Pipa
17 mai 2020
Milena Félix
Há momentos em que surge um incômodo leve, tímido, lá na parte duvidosa da intuição, de que eu talvez não esteja em mim mesma. Eu chego a quase ignorar, porque, o tempo todo, eu devo estar cuidando das coisas, imersa, me preocupando com elas, correndo atrás de coisas que não sou eu mesma. Mas, por algum motivo, não consigo ignorar e decido, como se fosse uma questão de orgulho, parar tudo até que eu me recupere.

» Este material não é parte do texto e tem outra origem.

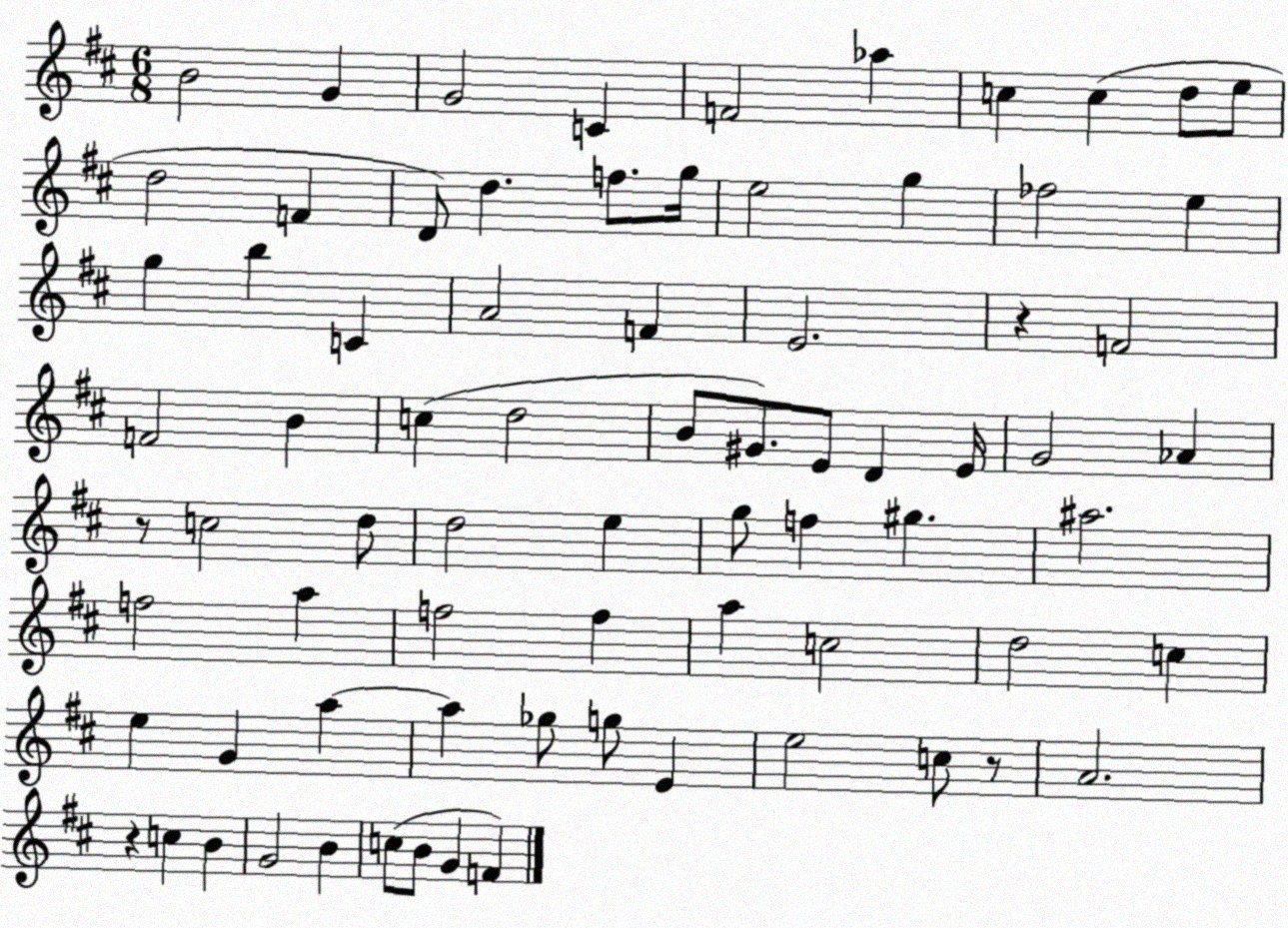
X:1
T:Untitled
M:6/8
L:1/4
K:D
B2 G G2 C F2 _a c c d/2 e/2 d2 F D/2 d f/2 g/4 e2 g _f2 e g b C A2 F E2 z F2 F2 B c d2 B/2 ^G/2 E/2 D E/4 G2 _A z/2 c2 d/2 d2 e g/2 f ^g ^a2 f2 a f2 f a c2 d2 c e G a a _g/2 g/2 E e2 c/2 z/2 A2 z c B G2 B c/2 B/2 G F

Está claro que não é para eu me preocupar com a não-consciência. Nós não estamos conscientes. Normalmente, nenhum de nós está. A vida, às vezes, me parece com uma esteira na qual estamos correndo sem parar. E a esteira apresenta prêmios na outra ponta para que alcancemos - isso nos faz esquecer de onde estamos e de que nunca vamos chegar. E é disso que a vida é feita. Sempre novas metas, dormir tarde, acordar cedo, resolver problemas. Ser pais. Simplesmente, não dá pra acordar.
E, em geral, a gente fica muito irritado quando o ciclo é interrompido. Quando alguém morre e a gente tem que parar pra pensar na vida. Quando a gente perde o emprego e vê que a estabilidade não significou nada. Quando alguém perto de nós não quer correr na esteira com a gente.
Mas esse looping me incomoda. O dia me puxa um fio de cabelo e a pequena dor me faz perceber que alguma coisa está errada. É um não-pertencimento. Sabe quando a gente sente que não pertence a um grupo diferente do nosso? Ou que não pertence a grupo nenhum. Desse jeito, eu sinto que já não pertenço a mim mesma. E isso me dá um susto e, imediatamente, ligo todos os meus mecanismos de resolução de problemas urgentes. Não dá pra ficar assim: fora da sala em que as decisões sobre mim estão sendo tomadas. No automático. Me esquecendo de tudo o que já pensei sobre mim.
Quase sempre, eu pego minha bicicleta velha, de uns 25 anos de idade, e vou dar uma volta curta. O caminho também quase sempre é o mesmo. Eu pedalo, sem ver, para o mesmo lugar que cheira à vila em que cresci, e que nem existe mais. A menina de 4, 6 e 10 anos que vivem dentro de mim vêm e me dão um abraço. Eu nem me lembro delas, mas me sinto abraçada. Eu acelero bastante na descida, e quando não posso mais pedalar, me levanto na bicicleta e a deixo descer comigo em cima. É a forma mais bonita que conheço de escrever poemas.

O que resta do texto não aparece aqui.